[Short descriptive text snippets]
======

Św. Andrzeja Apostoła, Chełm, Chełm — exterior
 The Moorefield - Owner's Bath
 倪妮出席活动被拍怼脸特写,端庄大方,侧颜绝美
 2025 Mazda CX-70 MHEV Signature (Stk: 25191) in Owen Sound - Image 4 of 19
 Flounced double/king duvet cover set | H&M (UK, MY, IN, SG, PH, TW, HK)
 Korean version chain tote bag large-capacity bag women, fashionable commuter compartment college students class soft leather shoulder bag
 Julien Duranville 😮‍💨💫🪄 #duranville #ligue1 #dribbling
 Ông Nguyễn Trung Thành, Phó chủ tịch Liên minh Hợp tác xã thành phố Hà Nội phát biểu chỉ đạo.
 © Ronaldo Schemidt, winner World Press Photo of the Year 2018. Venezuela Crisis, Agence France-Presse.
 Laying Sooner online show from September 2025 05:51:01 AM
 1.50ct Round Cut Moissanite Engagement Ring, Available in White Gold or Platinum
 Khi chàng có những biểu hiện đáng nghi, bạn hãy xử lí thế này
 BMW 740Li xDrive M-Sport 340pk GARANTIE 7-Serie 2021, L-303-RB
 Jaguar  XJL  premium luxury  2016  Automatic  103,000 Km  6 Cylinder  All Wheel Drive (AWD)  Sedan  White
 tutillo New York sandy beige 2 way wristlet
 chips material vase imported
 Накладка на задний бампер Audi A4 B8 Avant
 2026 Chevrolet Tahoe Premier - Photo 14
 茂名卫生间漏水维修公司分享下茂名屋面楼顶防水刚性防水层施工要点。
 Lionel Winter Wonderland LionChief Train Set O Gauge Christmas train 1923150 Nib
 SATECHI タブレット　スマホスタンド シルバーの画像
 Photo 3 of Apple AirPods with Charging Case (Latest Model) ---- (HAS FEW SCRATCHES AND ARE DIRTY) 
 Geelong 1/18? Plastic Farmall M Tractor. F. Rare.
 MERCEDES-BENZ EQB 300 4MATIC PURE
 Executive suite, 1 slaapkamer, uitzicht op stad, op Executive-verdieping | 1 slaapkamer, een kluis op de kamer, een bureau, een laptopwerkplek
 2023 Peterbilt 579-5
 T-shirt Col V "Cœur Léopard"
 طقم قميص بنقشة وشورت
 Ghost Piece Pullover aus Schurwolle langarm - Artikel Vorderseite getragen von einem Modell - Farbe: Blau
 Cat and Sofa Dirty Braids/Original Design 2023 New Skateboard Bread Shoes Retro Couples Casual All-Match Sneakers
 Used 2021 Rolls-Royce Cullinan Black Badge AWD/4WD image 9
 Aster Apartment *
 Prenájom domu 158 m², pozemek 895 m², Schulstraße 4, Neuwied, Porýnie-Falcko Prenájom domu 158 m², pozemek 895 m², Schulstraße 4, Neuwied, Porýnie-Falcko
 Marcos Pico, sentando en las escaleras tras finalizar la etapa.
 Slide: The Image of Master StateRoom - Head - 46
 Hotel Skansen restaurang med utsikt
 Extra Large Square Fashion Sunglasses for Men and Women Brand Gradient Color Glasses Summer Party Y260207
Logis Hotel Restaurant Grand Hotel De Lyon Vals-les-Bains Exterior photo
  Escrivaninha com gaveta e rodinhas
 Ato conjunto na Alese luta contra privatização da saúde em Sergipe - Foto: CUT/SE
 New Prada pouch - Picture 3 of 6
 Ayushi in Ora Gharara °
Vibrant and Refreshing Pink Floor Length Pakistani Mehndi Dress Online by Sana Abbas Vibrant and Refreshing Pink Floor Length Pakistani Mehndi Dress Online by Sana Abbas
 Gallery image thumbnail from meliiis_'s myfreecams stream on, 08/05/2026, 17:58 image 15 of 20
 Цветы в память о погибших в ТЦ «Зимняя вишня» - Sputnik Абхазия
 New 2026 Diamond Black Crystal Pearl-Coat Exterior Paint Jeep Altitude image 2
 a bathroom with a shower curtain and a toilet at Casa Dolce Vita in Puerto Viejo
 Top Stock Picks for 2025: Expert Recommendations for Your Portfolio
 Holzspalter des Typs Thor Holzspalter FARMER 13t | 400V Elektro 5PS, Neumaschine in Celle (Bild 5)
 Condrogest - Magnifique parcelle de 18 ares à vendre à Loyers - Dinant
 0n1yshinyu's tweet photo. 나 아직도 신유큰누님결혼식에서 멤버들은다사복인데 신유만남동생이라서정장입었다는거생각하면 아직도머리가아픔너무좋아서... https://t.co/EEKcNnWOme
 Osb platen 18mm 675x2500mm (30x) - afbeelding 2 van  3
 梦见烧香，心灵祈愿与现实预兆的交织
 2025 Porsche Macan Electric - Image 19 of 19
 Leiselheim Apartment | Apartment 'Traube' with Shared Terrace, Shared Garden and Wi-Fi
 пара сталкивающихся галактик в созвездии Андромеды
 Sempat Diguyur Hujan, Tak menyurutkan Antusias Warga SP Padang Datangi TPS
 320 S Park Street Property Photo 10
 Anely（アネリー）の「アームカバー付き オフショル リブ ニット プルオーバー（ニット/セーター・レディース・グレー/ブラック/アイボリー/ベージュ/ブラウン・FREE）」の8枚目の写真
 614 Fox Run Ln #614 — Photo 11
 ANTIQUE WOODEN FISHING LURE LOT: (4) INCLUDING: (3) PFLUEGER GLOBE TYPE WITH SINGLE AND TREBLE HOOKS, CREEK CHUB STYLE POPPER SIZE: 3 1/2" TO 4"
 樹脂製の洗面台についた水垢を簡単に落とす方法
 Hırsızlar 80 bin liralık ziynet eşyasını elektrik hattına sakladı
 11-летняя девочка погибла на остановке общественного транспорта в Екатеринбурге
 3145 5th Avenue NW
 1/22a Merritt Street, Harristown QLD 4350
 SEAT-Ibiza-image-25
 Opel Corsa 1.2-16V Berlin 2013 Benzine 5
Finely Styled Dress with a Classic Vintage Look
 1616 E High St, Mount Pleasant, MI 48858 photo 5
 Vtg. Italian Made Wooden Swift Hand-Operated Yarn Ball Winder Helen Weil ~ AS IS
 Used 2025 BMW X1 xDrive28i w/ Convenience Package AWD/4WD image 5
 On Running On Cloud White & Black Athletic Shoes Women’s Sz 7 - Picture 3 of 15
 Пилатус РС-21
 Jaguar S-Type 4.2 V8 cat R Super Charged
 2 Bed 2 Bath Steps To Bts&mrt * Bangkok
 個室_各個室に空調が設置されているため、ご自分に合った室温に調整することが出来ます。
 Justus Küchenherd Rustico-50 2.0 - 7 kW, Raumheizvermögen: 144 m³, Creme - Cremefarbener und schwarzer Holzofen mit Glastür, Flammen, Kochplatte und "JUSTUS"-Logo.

======

## About this exercise
Nothing but the lines from the first line of the data through the line with "Khi chàng có" should be returned, exactly as they appear, both ends included.

## Problem solution
Św. Andrzeja Apostoła, Chełm, Chełm — exterior
 The Moorefield - Owner's Bath
 倪妮出席活动被拍怼脸特写,端庄大方,侧颜绝美
 2025 Mazda CX-70 MHEV Signature (Stk: 25191) in Owen Sound - Image 4 of 19
 Flounced double/king duvet cover set | H&M (UK, MY, IN, SG, PH, TW, HK)
 Korean version chain tote bag large-capacity bag women, fashionable commuter compartment college students class soft leather shoulder bag
 Julien Duranville 😮‍💨💫🪄 #duranville #ligue1 #dribbling
 Ông Nguyễn Trung Thành, Phó chủ tịch Liên minh Hợp tác xã thành phố Hà Nội phát biểu chỉ đạo.
 © Ronaldo Schemidt, winner World Press Photo of the Year 2018. Venezuela Crisis, Agence France-Presse.
 Laying Sooner online show from September 2025 05:51:01 AM
 1.50ct Round Cut Moissanite Engagement Ring, Available in White Gold or Platinum
 Khi chàng có những biểu hiện đáng nghi, bạn hãy xử lí thế này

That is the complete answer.